Data protection principle: transfers both internal and external including outside of the EEA

Question Response

Will an individual’s personal information be disclosed internally/externally in identifiable form and if so to who, how and why?


No.


Will personal data be transferred to a country outside of the European Economic Area? If yes, what arrangements will be in place to safeguard the personal data?

There are no expectations that personal data will be transferred outside of the UK or EEA.

Consultation

Question Response

Identify both internal and external stakeholders.

DHSC – the controller

NHS Test and Trace – part of DHSC, with overall responsibility for delivering the Test and Trace programme

NHSX – comprising DHSC, NHS England and NHS Improvement (TDA and Monitor).

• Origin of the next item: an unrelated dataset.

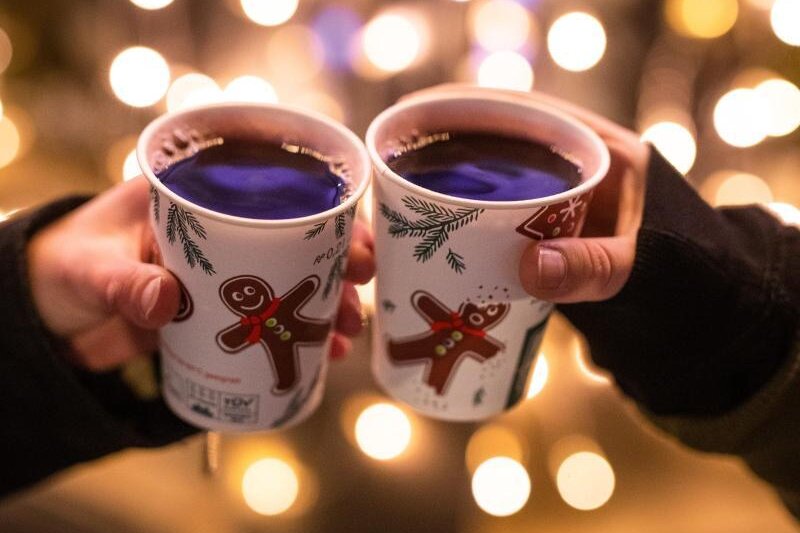            Zwei Besucherinnen eines Weihnachtsmarktes stoßen mit Glühwein an.
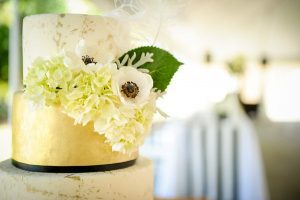 A gold and white wedding cake with flowers on top.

The legal entities comprising NHS England and NHS Improvement provide resources/staff for DHSC through NHSX.

We have a stakeholder engagement plan which we are using to reach out to groups in the health sector, social care, patient representatives, communities, charities, business and academia to inform the development of the app. We are in dialogue with privacy groups and are engaged with the National Data Guardian, Information Commissioner’s Office, Understanding Patient Data and the Centre for Data Ethics and Innovation.

Guidance used

Question Response

Details of any link to any wider initiative or list any national guidance applicable to this initiative.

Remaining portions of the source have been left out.